Step 2: Advanced Diagnosis (Internal Problem) : I’ve Got the System Down Pat
“This generation” thinks it’s got God’s Torah (let’s call it “the system”) so well figured out that it can excel at it, a feat this generation considers its superiority, its grownup-ness, its wisdom. Interestingly, the rabbis call the system (that is, God’s Torah), a “yoke.” But here is where critical blunder Number One is made. This generation concludes that the Torah gives definitive insight into the heart of God, and so the better you adhere to Torah, the more intimately you “know” God; by extension, the better you know God, the better you are able to please God. No need for Jesus; the goal is self-attainable (albeit extremely stressful). Critical blunder Number Two reasons that “mature wisdom” is to be desired over “infancy” (v. 25), or a better word might be “dependence” (Bertram, “Christening”). The problem is that these “wise grown-ups” foolishly opt for the supposed grownup-ness, the supposed wisdom of independence.

Step 3: Final Diagnosis (Eternal Problem) :  The System’s Killing Me!
But independence, cutting the cords of dependence upon God, leads not to freedom, not to perfect Sabbath-rest, but to complete loss. You don’t know me at all, God says, and you have not reached my heart! Only “the Son knows the Father,” Jesus explains, and “anyone to whom the Son chooses to reveal him” (v. 27). Wise guys miss out on having God as Father. Instead, in their haughtiness, and consequent failure to repent, Jesus warns, they “will be brought down to Hades” (v. 23). “On the day of judgment it will be more tolerable for the land of Sodom than for you” (v. 24).

PROGNOSIS: Invigorated (Rest-Full) Dependents

Step 4: Initial Prognosis (Eternal Solution) : I Rest My Case
Unlike these supposed-wise guys, Jesus glories in his dependence and mercifully works to reestablish the same for lost independents. He literally becomes the Father’s “gracious will” for sinners, including those heavy-laden, weary-wise guys to whom he yokes himself; he takes their self-inflicted, self-deserved “yokes” on himself and gets crushed in their stead. Such an exchange prompts the Father to declare: “I rest my case.” This alternate wisdom is vindicated on Easter when God raises his beloved Dependent to life, enthroning him as Lord of the Sabbath, chief rest-giver.

Step 5: Advanced Prognosis (Internal Solution) :  A Rest-Full System
With the greatest of gentleness and humbleness of heart (v. 29), Jesus extends his offer of Sabbath-rest to all weary and heavy burdened, even wise guys. It becomes a simple matter of taking that rest earned by Jesus in faith, and by so doing, becoming God’s dependents once again. Dependents who assume a new modus operandi, or “yoke,” which, not surprisingly, mimics Christ’s own: a yoke of mercy and forgiveness. Christ even gives a “Helper,” the holying Spirit, to help dependents learn to depend (Time for Confessing, p. 195-199).

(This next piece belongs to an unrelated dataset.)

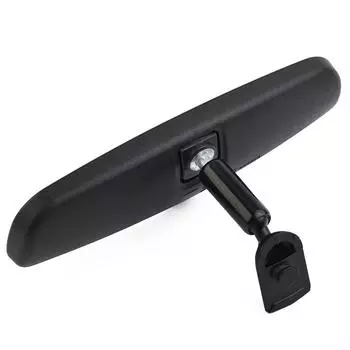 1шт. Зеркало для интерьера, черное, прямая посадка, пластик, простая установка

Step 6: Final Prognosis (External Solution) : “Ah, Invigorating Rest!”
Those yoked to Jesus find themselves invigorated to truly live. Because they experience Sabbath-rest they are freed from self-absorption and have the energy to involve themselves in lightening their neighbors loads–not only by helping carry their loads, but also by reminding them about Jesus, upon whom they can depend and unload all their burdens.